Plated film is closed negative bias and silicon target power supply after finishing, and stops to feed argon gas and nitrogen, after cooling, takes out plated film spare 10.
Please consult Fig. 1 again, the plated film spare 10 that is made by above-mentioned ferrous alloy method for plating film on surface comprises matrix 11, be formed at CrON layer 13 on the matrix 11, be formed at the iridium metals layer 14 on the CrON layer 13 and form the BN layer 15 that is formed on the iridium metals layer 14.
The material of this matrix 11 can and contain stainless steel of chromium etc. for Cutlery Steel, die steel, measuring instrument steel.

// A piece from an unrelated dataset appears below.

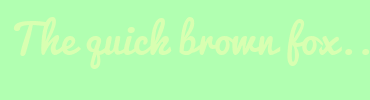 Image with Font Color D8FFB1 and Background Color B1FFB1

The thickness of this CrON layer 13 is approximately 20 ~ 50nm.The thickness of this iridium metals layer 14 is approximately 80 ~ 150nm.The thickness of this BN layer 15 is approximately 100~200nm.
The CrON layer 13 on above-mentioned plated film spare 10 surfaces; Has very high fusing point and good compactness; The CrON film can not only stop the diffusion of oxygen effectively, and can stop the diffusion than the atom of thick atom radius such as Nb, Ti, Al, Si, Cr, can play good protection effect to matrix 11.Said iridium metals layer 14 has good high-temperature stability; Can in the air more than 1600 ℃, still have good mechanical property; Plating one deck BN layer 15 again on iridium metals layer 14 surface, BN layer 15 has oilness preferably, when plated film spare 10 is used for mould; Can improve the flowability of die surface, be easy to the demoulding.

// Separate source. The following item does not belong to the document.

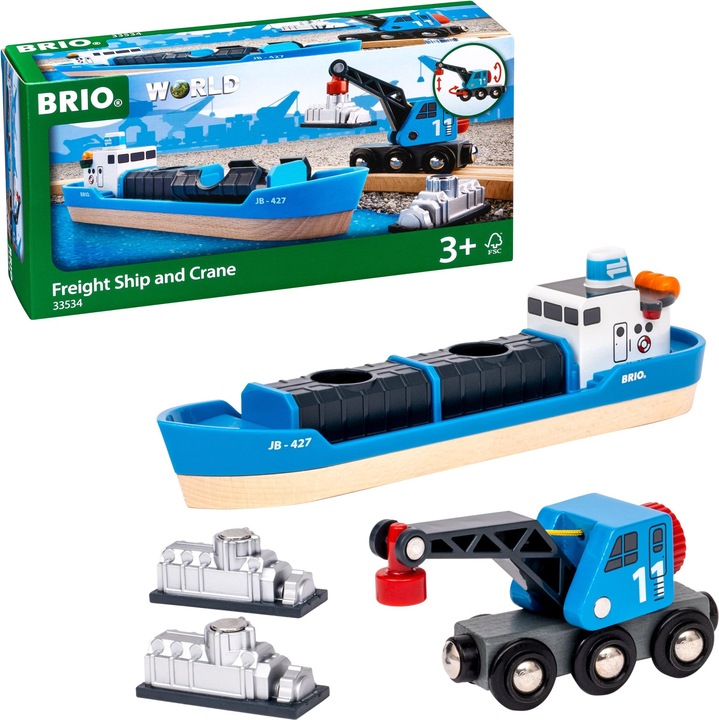 Immagine prodotto Brio Nave portacontainer con autogru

Come the present invention is specified through embodiment below.
Embodiment 1
The material of the employed matrix 11 of present embodiment is a S316 model die steel, and it is 3 * 10 that Vakuumkammer keeps vacuum tightness -5Torr.
Plasma clean: argon flow amount is 200sccm, and the bias voltage of matrix 11 is-300V that the plasma clean time is 5min.
Sputter CrON layer 13: the power of chromium target 26 is 8kW, and argon flow amount is 150sccm, and nitrogen flow is 30sccm, and oxygen flow is 50sccm, and the bias voltage of matrix 11 is-150V, and matrix 11 temperature are 30 ℃, and sputtering time is 6min; The thickness of this CrON layer 13 is 25nm.
Sputter iridium metals layer 14: the power of iridium target 37 is 8kW, and argon flow amount is 150sccm, and the bias voltage of matrix 11 is-150V, and the temperature of matrix 11 is 30 ℃, and the plated film time is 15min; The thickness of this iridium metals layer 14 is 90nm.
Sputter BN layer 15: the power of boron target 38 is 10kW, and the bias voltage of matrix 11 is-150V, and argon flow amount is 150sccm, and nitrogen flow is 40sccm, and the temperature of matrix 11 is 30 ℃, and the plated film time is 30min; The thickness of this BN layer 15 is 120nm.
Embodiment 2
The material of the employed matrix 11 of present embodiment is a H11 model die steel, and it is 3 * 10 that Vakuumkammer keeps vacuum tightness -5Torr.
Plasma clean: argon flow amount is 300sccm, and the bias voltage of matrix 11 is-200V that the plasma clean time is 10min.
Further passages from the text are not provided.